Use Apache Spark in - Azure Databricks Lab 2


Use Apache Spark in Azure Databricks


One of the benefits of Spark is support for a wide range of programming languages, including Java, Scala, Python, and SQL; making Spark a very flexible solution for data processing workloads including data cleansing and manipulation, statistical analysis and machine learning, and data analytics and visualization. Azure Databricks is built on Apache Spark and offers a highly scalable solution for data engineering and analysis tasks that involve working with data in files.

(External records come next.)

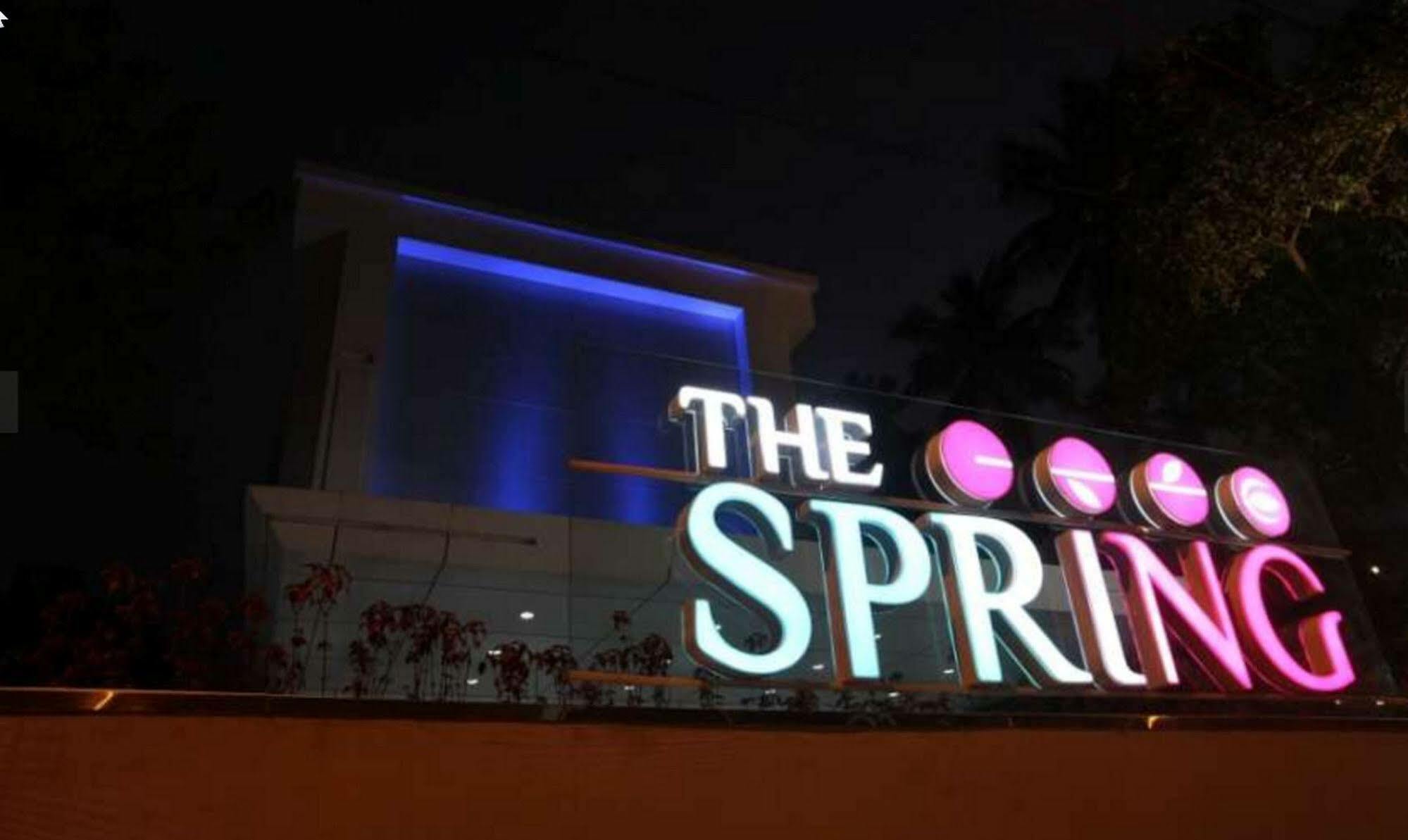The Spring Hotel Chennai Esterno foto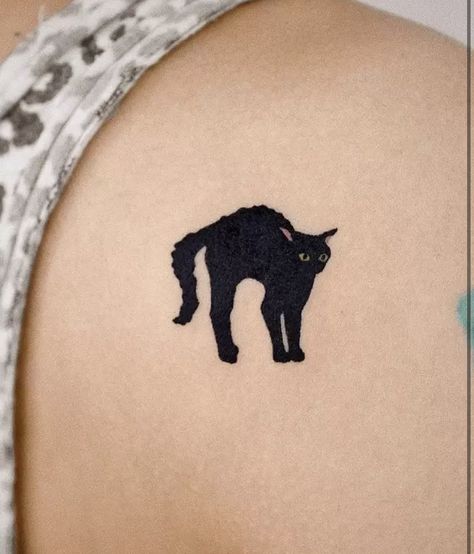 Crazy Cat Tattoo, Scared Cat Tattoo, Cat Teeth Tattoo, Striped Cat Tattoo, Simple Black Cat Tattoo, Small Black Cat Tattoo, Savage Cat, Cat Symbolism, Egyptian Cat Tattoos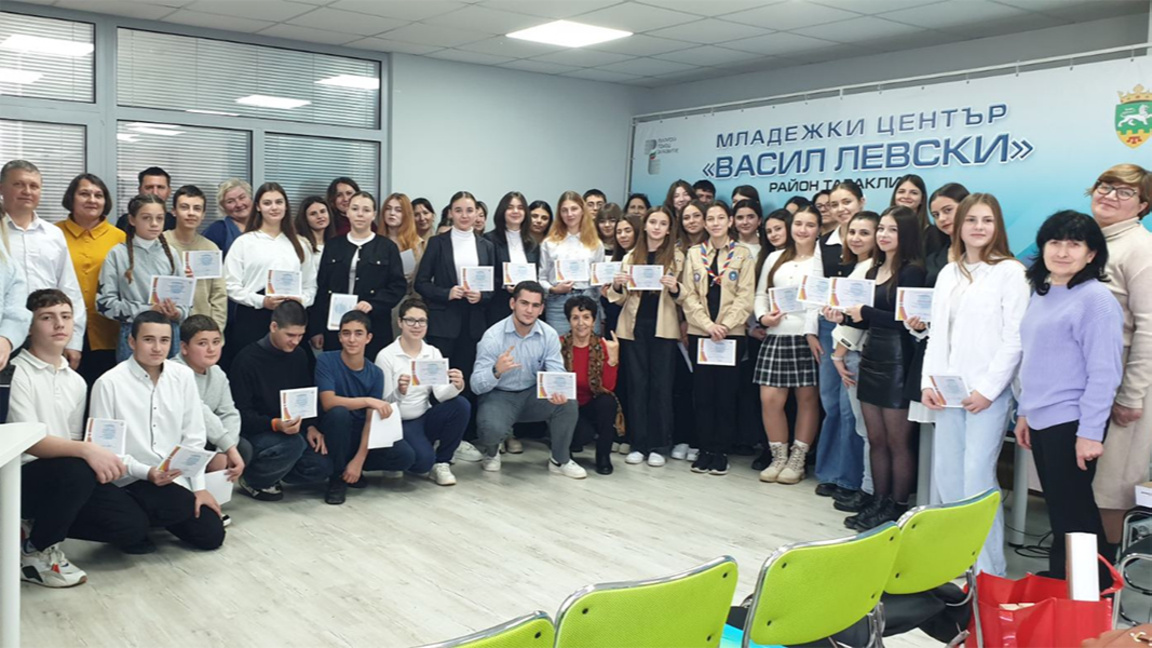 Учениците в Тараклия показаха как смятат да защитават правата на детето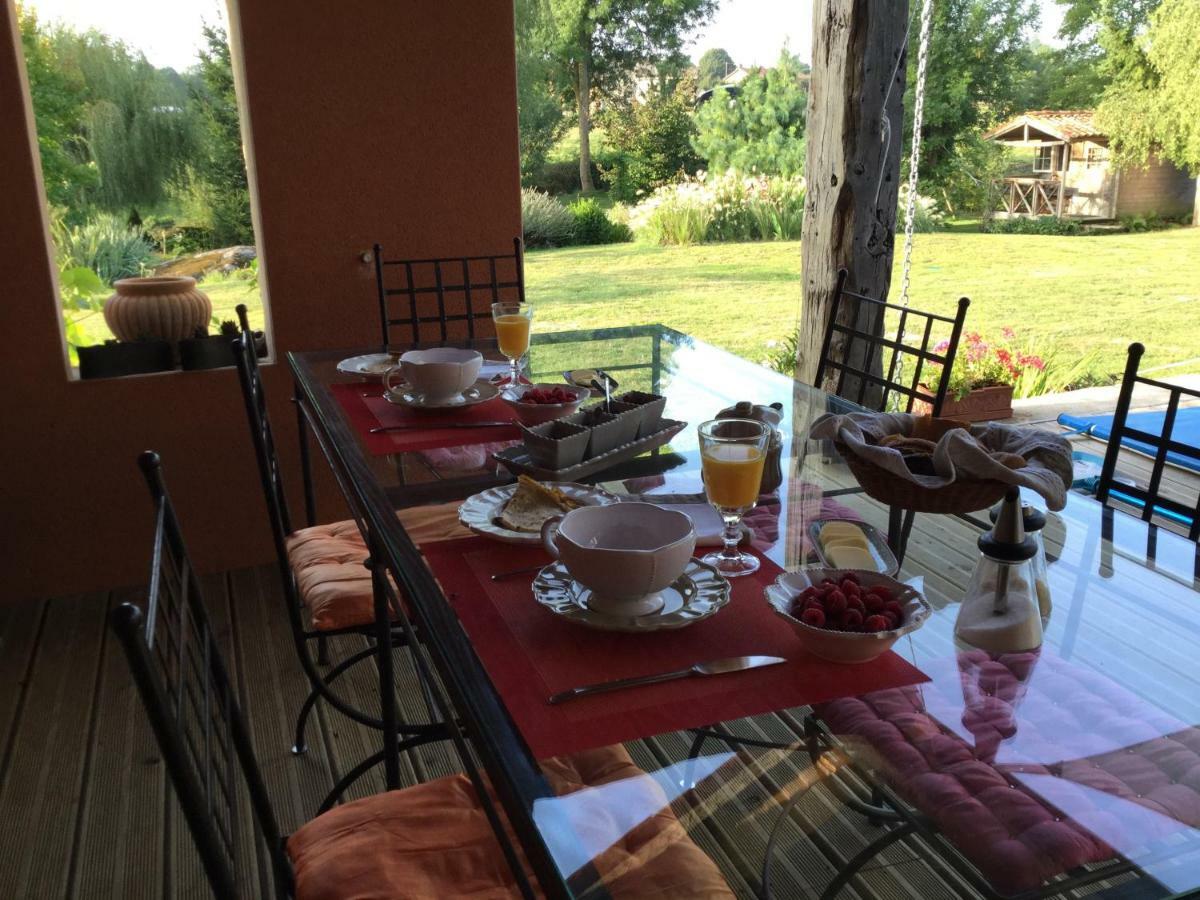 Bed and Breakfast Les Epis Du Vent Adilly Exterior foto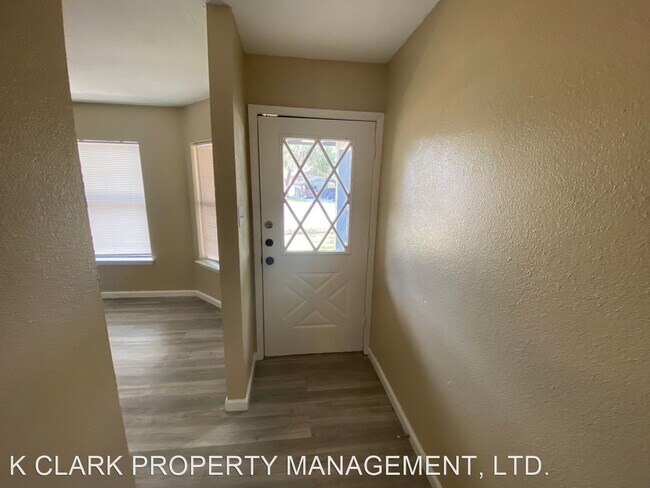 Foto del edificio - 3 br, 2 bath House - 8309 FOREST RIDGE DR.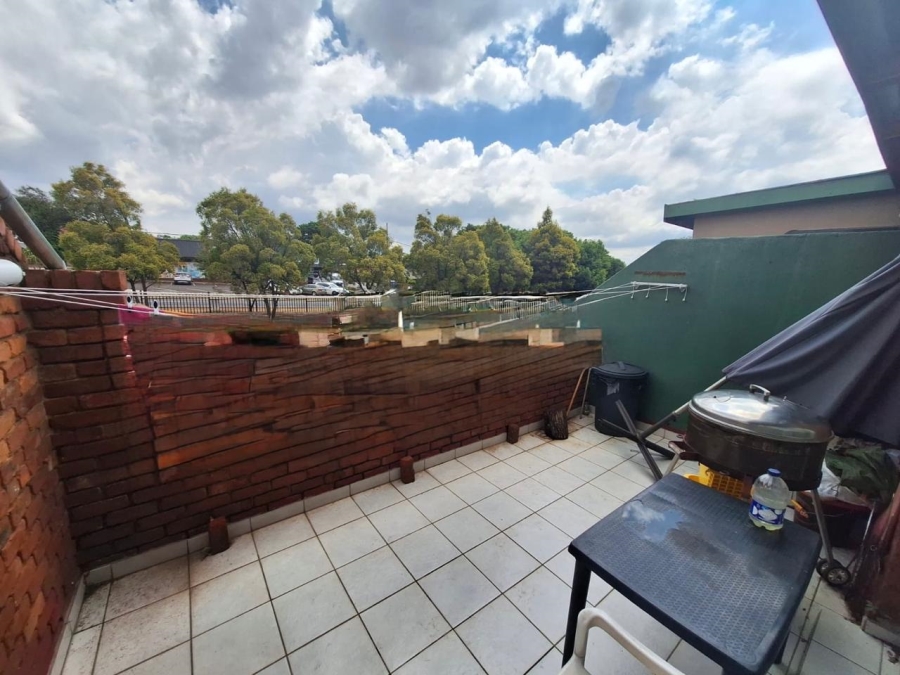 3 Bedroom Property for Sale in Eldoraigne Gauteng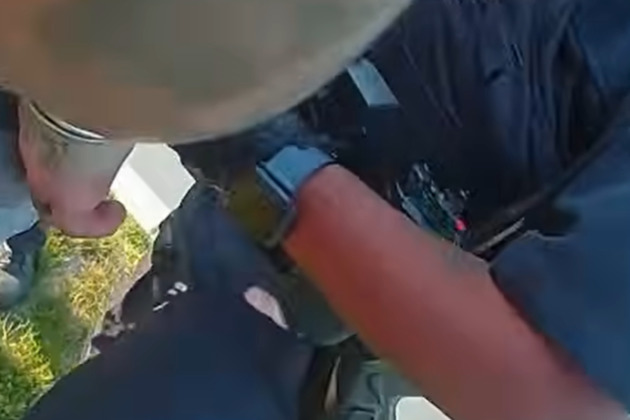 I got your gun- Suspect threatens Syracuse, Utah officers during arrest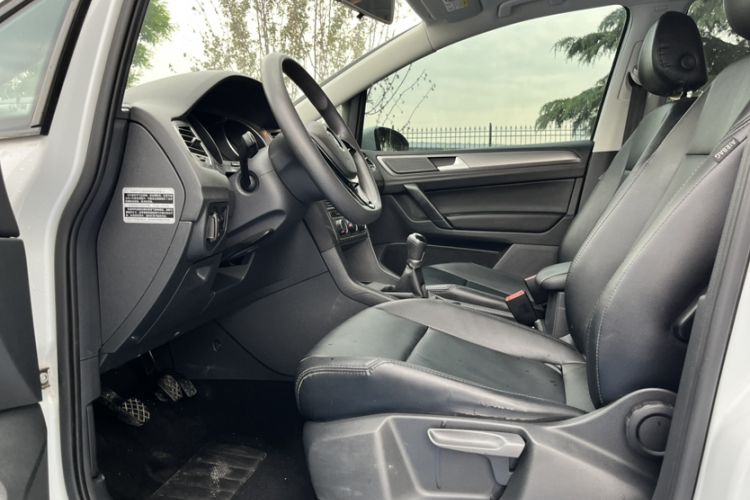 Used Volkswagen Golf Sportsvan 2016 1.6L Manual Comfort Model Interior 3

Step 1. Setup Azure Databricks Workspace and open notebook

Steps are available: https://saurabhsinhainblogs.blogspot.com/2024/01/azure-databricks-lab-how-to-start-with.html

  • Connect to Azure Portal
  • Setup Azure Datbricks
  • Setup Cluster for Azure Databricks
  • Open Notebook


Step 2. Prepare data to consume

Shell commands can also use to download data files from GitHub into the Databricks file system (DBFS)

Code:

%sh
 rm -r /dbfs/spark_lab
 mkdir /dbfs/spark_lab
 wget -O /dbfs/spark_lab/2019.csv https://raw.githubusercontent.com/MicrosoftLearning/mslearn-databricks/main/data/2019.csv
 wget -O /dbfs/spark_lab/2020.csv https://raw.githubusercontent.com/MicrosoftLearning/mslearn-databricks/main/data/2020.csv
 wget -O /dbfs/spark_lab/2021.csv https://raw.githubusercontent.com/MicrosoftLearning/mslearn-databricks/main/data/2021.csv




Step 3. Load the data frame and view the data


Data is loaded and visible here but
  • Data doesn't include the column headers
  • Information about the data types is missing

Code:
df = spark.read.load('spark_lab/*.csv', format='csv')
display(df.limit(100))

Load the data frame and view the data in Azure Databricks













Step 3. Define a schema for the data frame

Observe that this time, our below problems are solved

  • The data frame includes column headers
  • Information about the data types is also available


Code:

from pyspark.sql.types import *
from pyspark.sql.functions import *
orderSchema = StructType([
     StructField("SalesOrderNumber", StringType()), StructField("SalesOrderLineNumber", IntegerType()), StructField("OrderDate", DateType()),
     StructField("CustomerName", StringType()),  StructField("Email", StringType()),  StructField("Item", StringType()),
     StructField("Quantity", IntegerType()),  StructField("UnitPrice", FloatType()), StructField("Tax", FloatType())  ])
df = spark.read.load('/spark_lab/*.csv', format='csv', schema=orderSchema)
display(df.limit(100))

df.printSchema()


Pyspark define schema













print datatyping spark databricks














Step 4. Filter a data frame

  • Filter the columns of the sales orders data frame to include only the customer name and email address.
    • When you perform an operation on a data frame, the result is a new data frame (in this case, a new customer data frame is created by selecting a specific subset of columns from the df data frame)
    • The dataframe['Field1', 'Field2', ...] syntax is a shorthand way of defining a subset of column. You can also use select method, so the first line of the code above could be written as customers = df.select("CustomerName", "Email")
  • Count the total number of order records
  • Count the number of distinct customers
  • Display the distinct customers
    • Dataframes provide functions such as count and distinct that can be used to summarize and filter the data they contain.


            Code: 

            customers = df['CustomerName', 'Email']
            print(customers.count())
            print(customers.distinct().count())
            display(customers.distinct())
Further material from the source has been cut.